Excerpts from a dataset
★ ★ ★ ★ ★

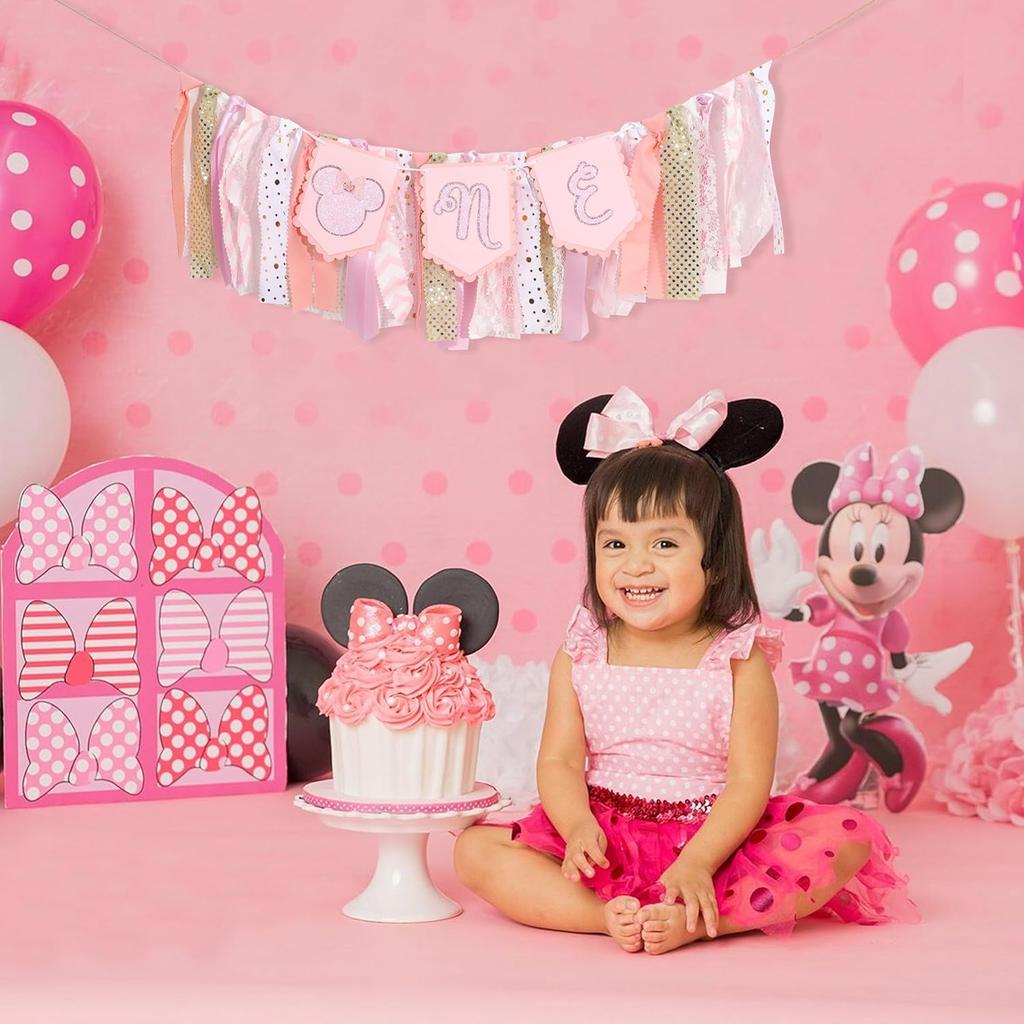 Minnie One High Chair Banner - Minnie 1st Birthday Party Decorations,Pink Minnie First Highchair Banner,Girl First Birthday Highchair,1st Photo Prop
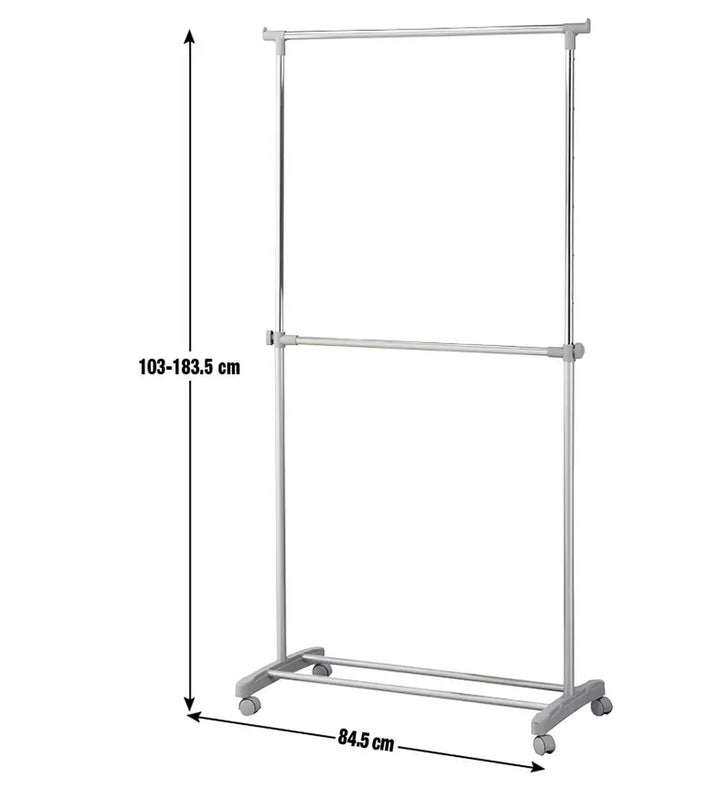 Home Adjustable Chrome 2 Tier Clothes Rail - Grey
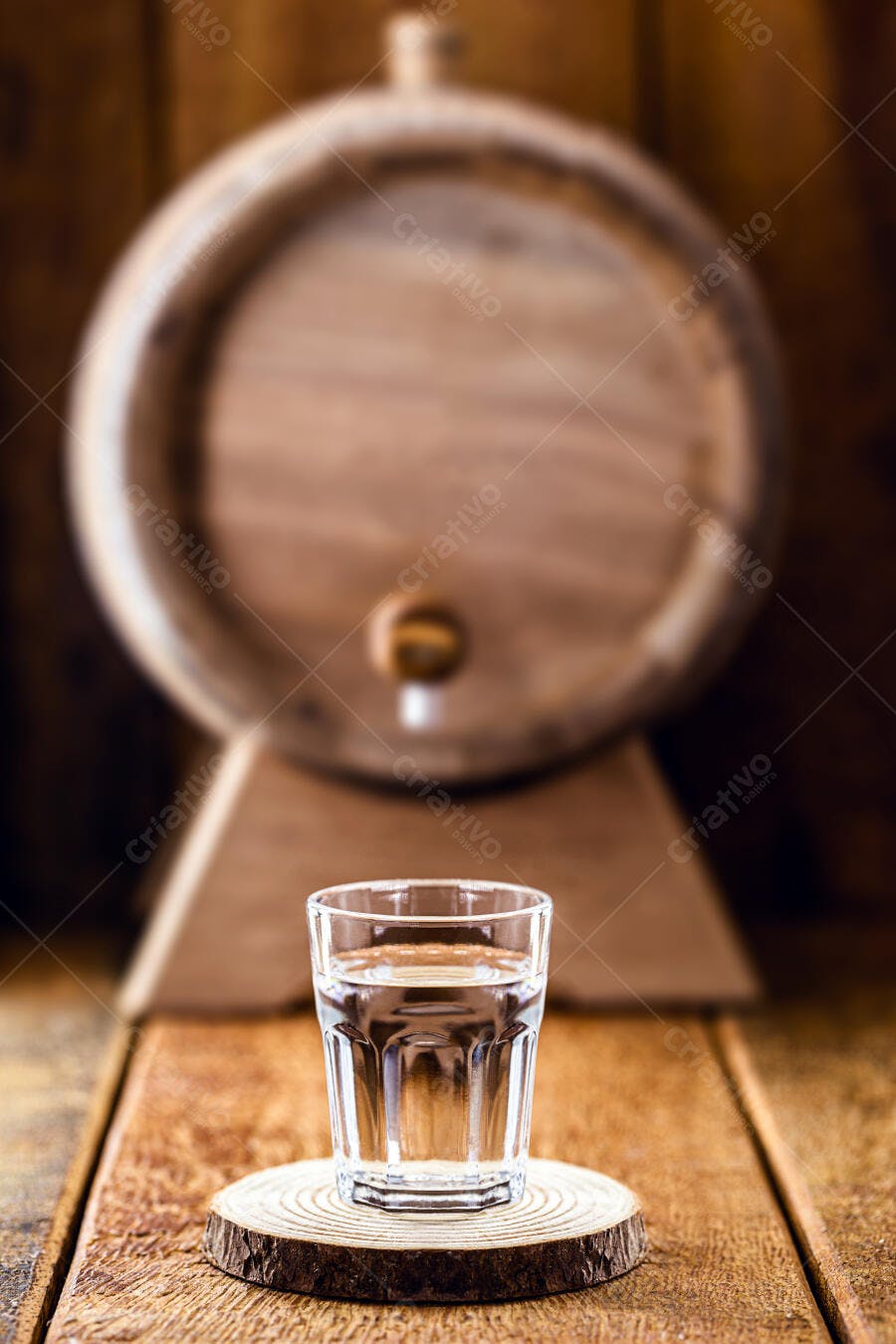 Copo de cachaça em mesa de madeira rústica com barril ao fundo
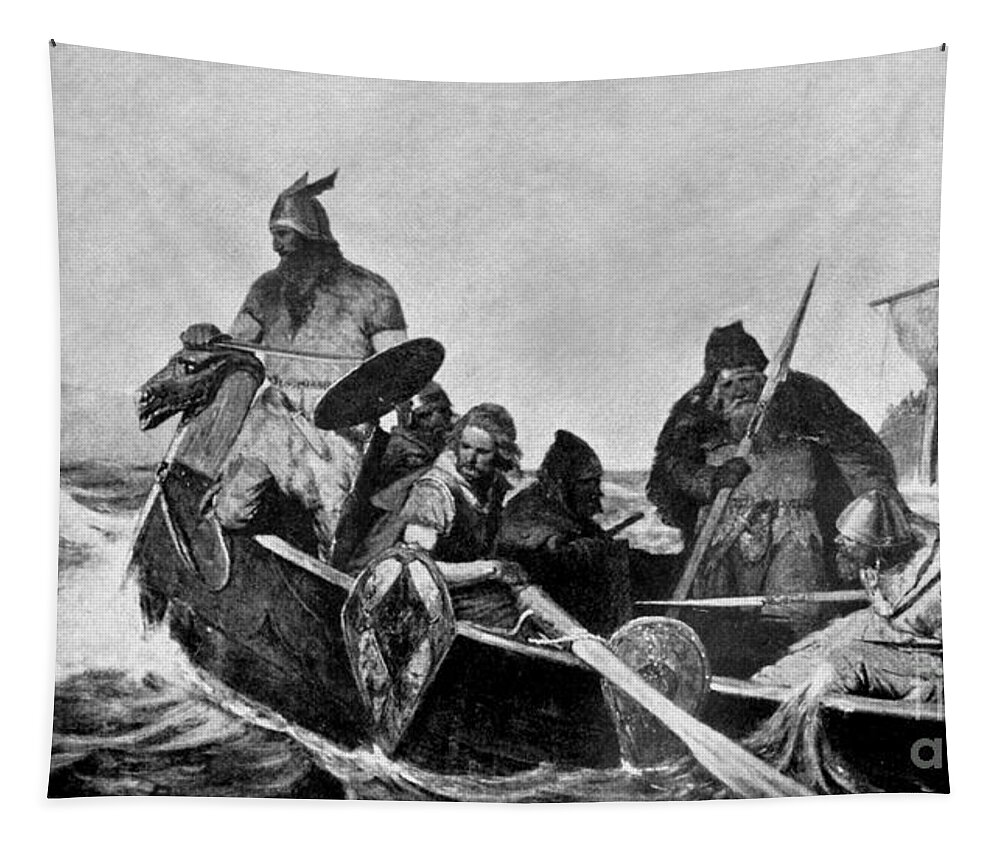 History Tapestry featuring the photograph Leif Ericson Norse Explorer by Photo Researchers
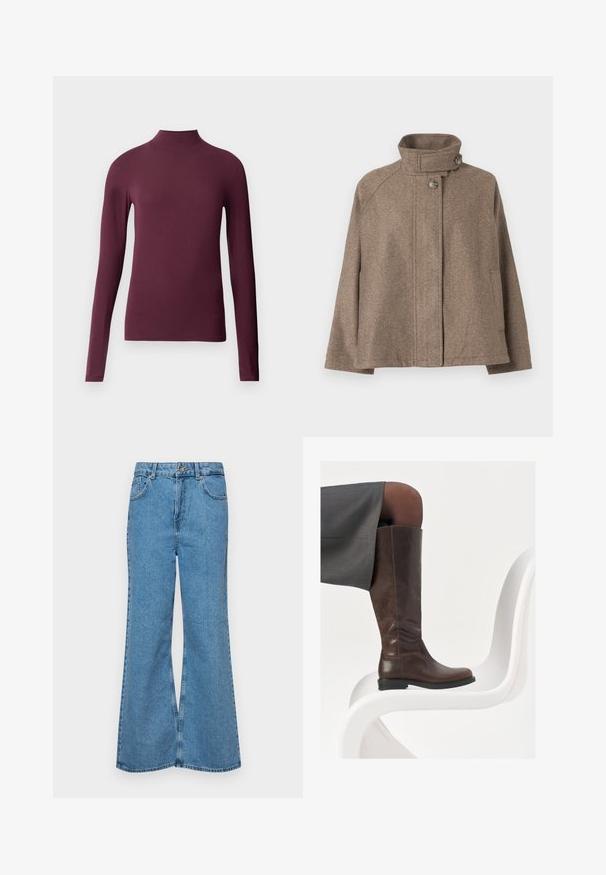 Barna gyapjúdzseki magas gallérral, gombbezárással, hosszú ujjakkal és oldalsó zsebekkel, egy sima háttér előtt kiállítva.; Burgundy színű, hosszú ujjú garbó, sima, rugalmas anyagból. Testhez simuló fazon, magas nyakkal és láthatatlan varrásokkal.; Világoskék, trapézszárú farmernadrág, magas derékkal, öt zsebbel és egy gombos záródással. Puha tapintású, magasított effektusú anyag.; Barna bőr térdig érő csizma, lekerekített orral, sima felülettel és minimális varrási részletekkel, világos háttér előtt, egy fehér széken.
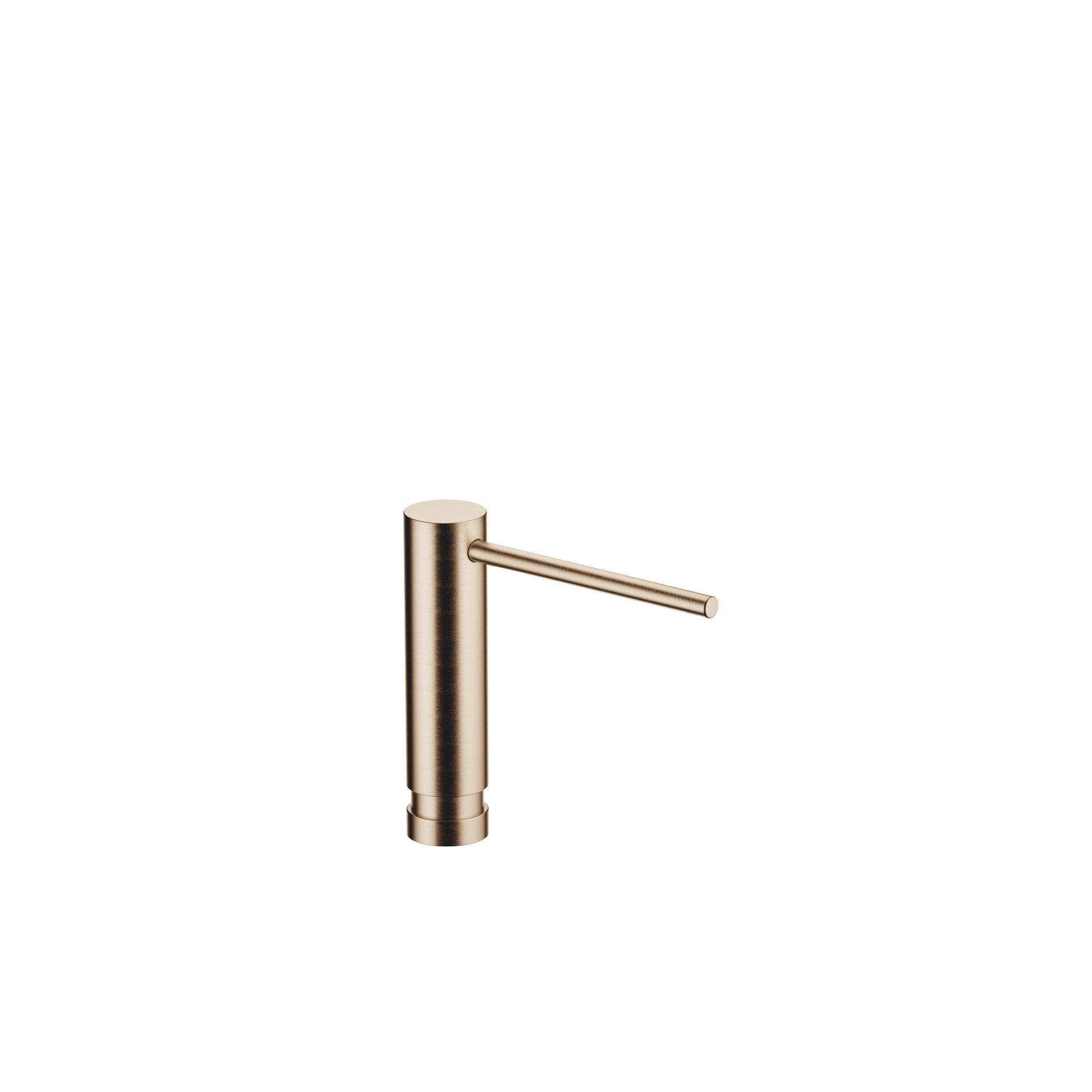 Dispensador de jabón Dornbracht de cuerpo cilíndrico esbelto sin roseta, con cabezal dosificador giratorio, acabado Champagne cepillado (Oro 22k)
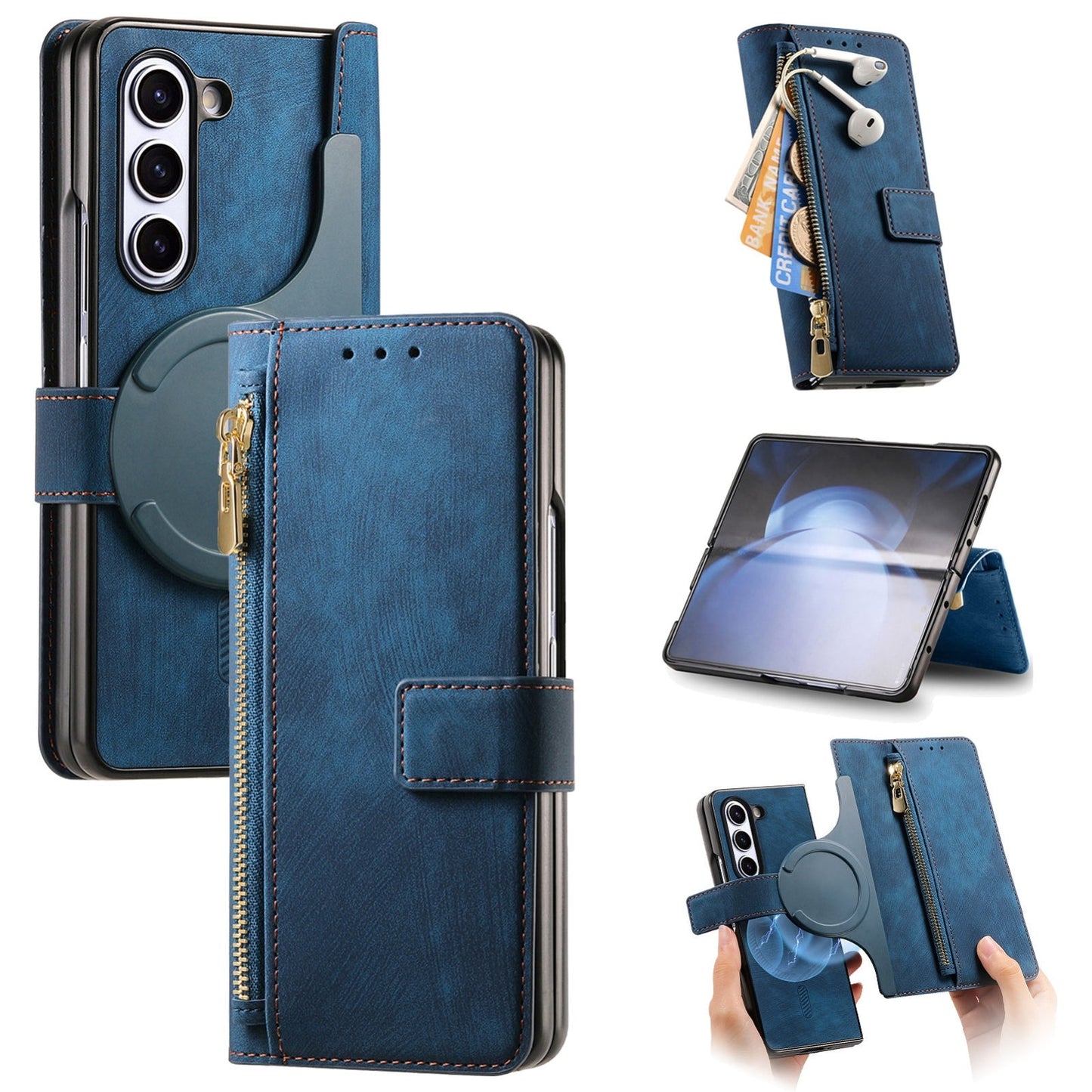 Retro MagSafe Magnetic Zipper Wallet Leather Case
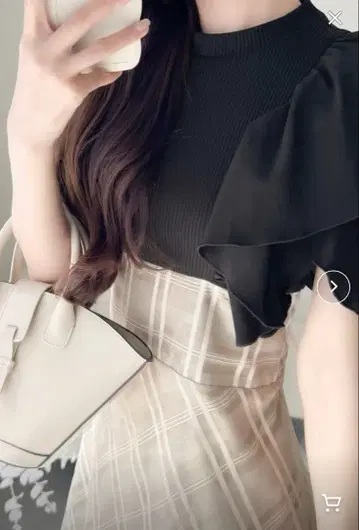 [ mily bilet ] 더블 프릴 소매 체크 레이스 도킹 원피스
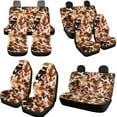 thumbnail image 3 of Garronmavis Brown Cow Print Car Seat Cover Set 11 Pack Vehicle Seat Cover with Lanyards Key Holder,Bottle Holder Pad,Cars Headrest Protector,Gear Shift Knob & Handbrake Cover, All Seasons Use, 3 of 7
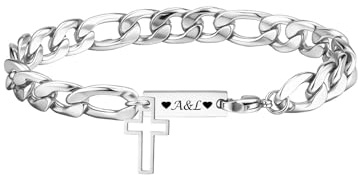 Jovivi Personalisiert Armband Herren Panzerkette Armband mit Kreuz Anhänger Gravur Partnerarmband Namen Personalisierte Geschenke für Männer Sohn Papa Freund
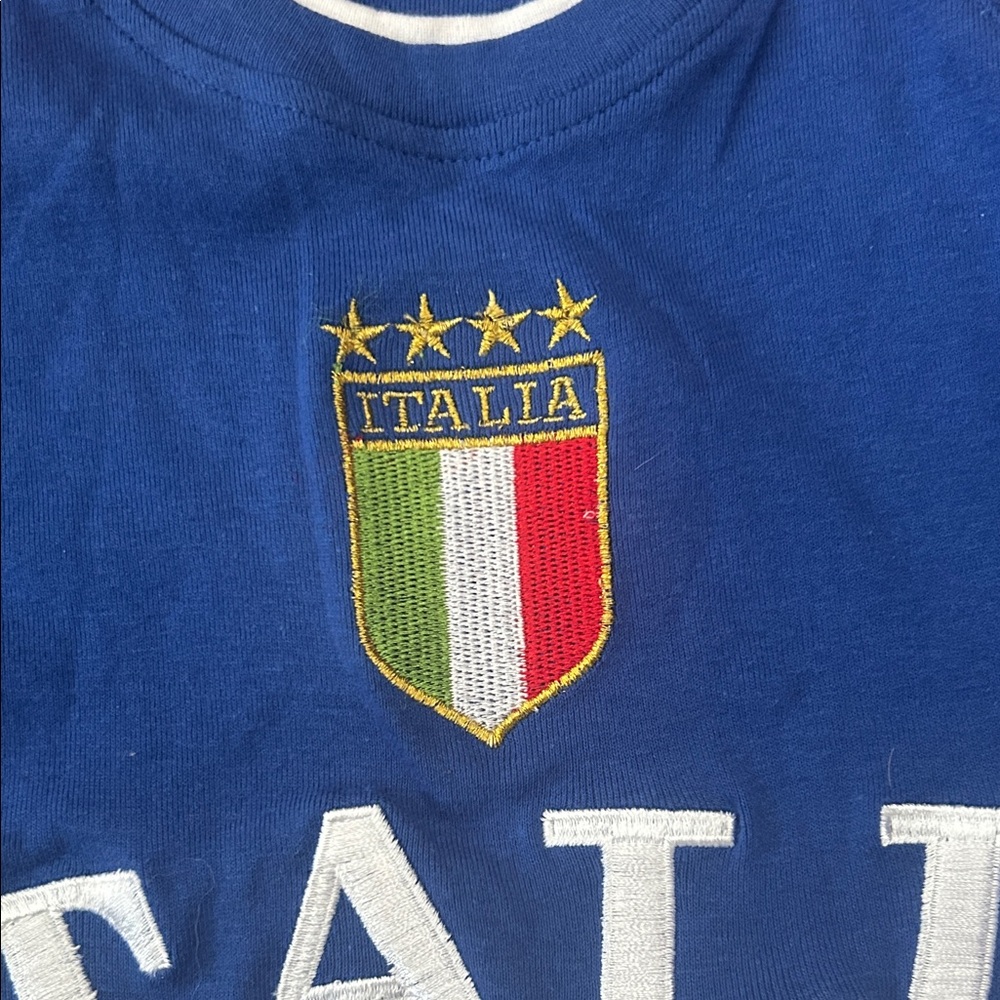 FM ITALY Blue Italia T-Shirt with White Accents - Picture 3 of 7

★ ★ ★ ★ ★

### Directions for this task
Output only the lines from the start of the data through the line that holds "History Tapestry featuring". Keep them exact and leave the pictures out.

### Answer for the task
 Minnie One High Chair Banner - Minnie 1st Birthday Party Decorations,Pink Minnie First Highchair Banner,Girl First Birthday Highchair,1st Photo Prop
 Home Adjustable Chrome 2 Tier Clothes Rail - Grey
 Copo de cachaça em mesa de madeira rústica com barril ao fundo
 History Tapestry featuring the photograph Leif Ericson Norse Explorer by Photo Researchers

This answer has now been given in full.